Speaking in the company’s Feb. 5 fiscal call, Iger said the studio’s emphasis on featuring action and family fare through proprietary brands — Disney Animation, Marvel, Pixar and LucasFilm — lends itself toward long-term distribution opportunities in secondary markets, including home entertainment.

“We’ve been bullish about digital … because we have a brand advantage there by creating destinations on digital platforms,” Iger said.

That said, the CEO cautioned that packaged media’s 13% sales decline in 2013 wasn’t completely offset by electronic sellthrough’s 50% surge due to the latter’s significantly smaller sales base.

“I think it’s still early in terms of just how significant that all could be,” Iger said. “The bottom line is that we are making movies that we believe stand a better chance of doing well in the [retail] markets than the non-branded, non-franchise movies, particularly movies that are directed at families.”

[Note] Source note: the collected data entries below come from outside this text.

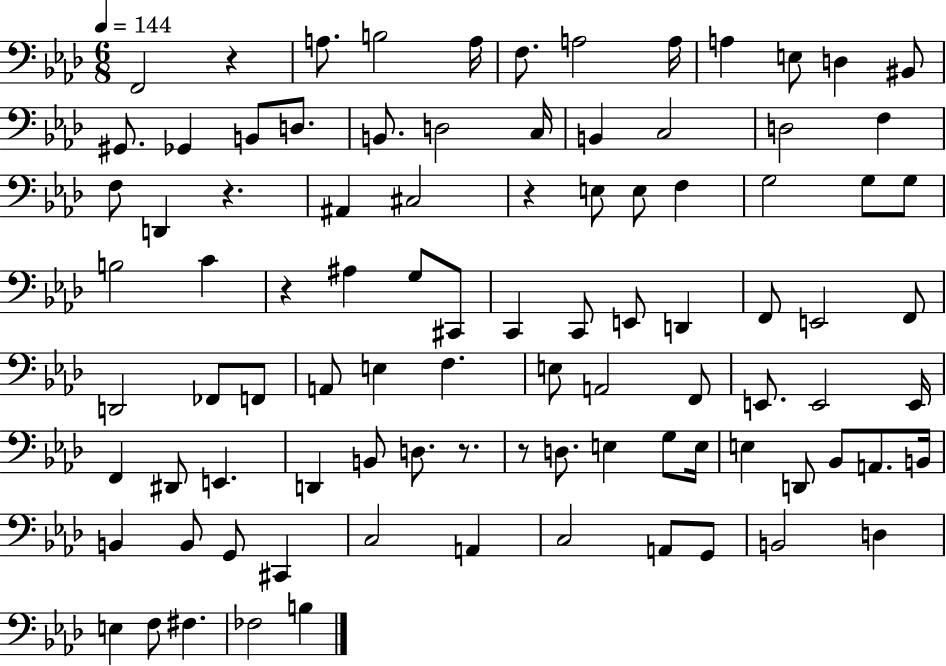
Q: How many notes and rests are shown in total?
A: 93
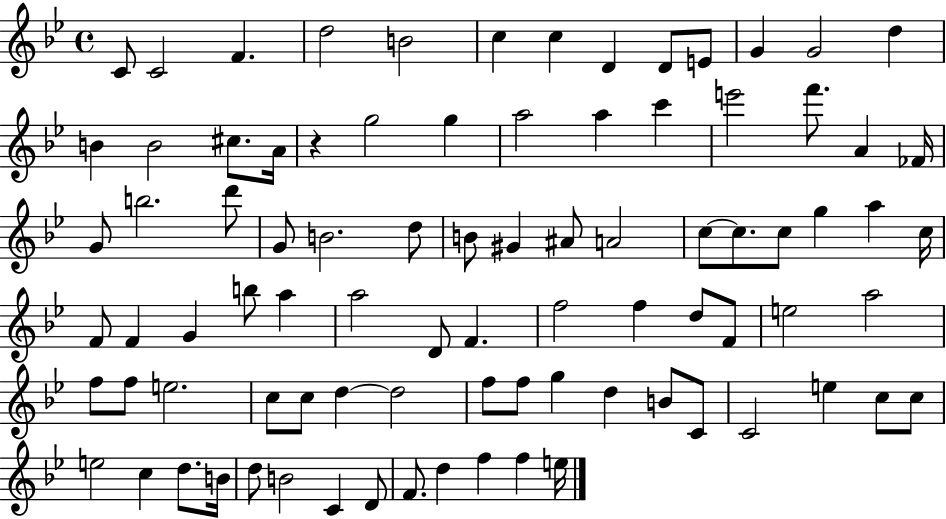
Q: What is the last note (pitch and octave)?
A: E5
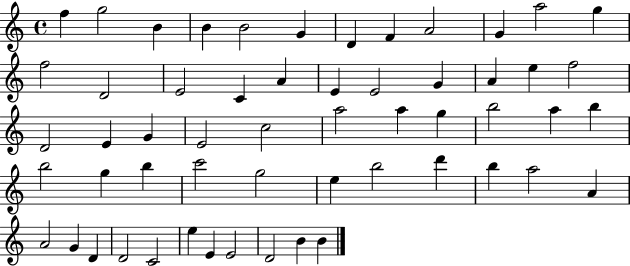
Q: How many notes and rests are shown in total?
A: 56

Indeed, Iger said LucasFilm's highly-anticipated Star Wars: Episode VII theatrical release on Dec. 18, 2015, is shaping up to be the studio's biggest release ever. The film begins shooting in May.

Meanwhile, reduced per unit cost of sales and lower marketing costs helped Walt Disney Studios Home Entertainment drive up Walt Disney Studios’ first-quarter (ended Dec. 28, 2013) operating income 75% to $409 million.

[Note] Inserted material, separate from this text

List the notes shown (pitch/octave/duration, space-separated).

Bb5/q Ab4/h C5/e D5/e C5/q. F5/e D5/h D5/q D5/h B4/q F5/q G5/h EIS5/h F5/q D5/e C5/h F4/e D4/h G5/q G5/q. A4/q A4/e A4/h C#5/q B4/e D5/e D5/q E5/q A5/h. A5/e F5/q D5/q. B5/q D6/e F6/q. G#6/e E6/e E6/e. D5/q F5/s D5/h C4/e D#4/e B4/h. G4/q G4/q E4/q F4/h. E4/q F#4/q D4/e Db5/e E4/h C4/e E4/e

Revenue increased 23% to $1.9 billion on the strength of theatrical releases Frozen and Marvel's Thor: The Dark World, compared with Wreck-It Ralph and no Marvel movies in the prior-year quarter.

Disney doesn’t disclose operating results of individual studio properties.

Disney said the increase in domestic home entertainment contribution was partially offset by lower unit sales. The decrease in marketing costs was due to fewer significant releases in the current quarter.

The operating income increase in TV/SVOD distribution was due to higher international sales in the current quarter, partially offset by a decrease in SVOD revenues due to a domestic sale of library titles in the prior-year quarter.

Disney and Netflix’s landmark pay-TV distribution deal doesn’t take effect until 2016.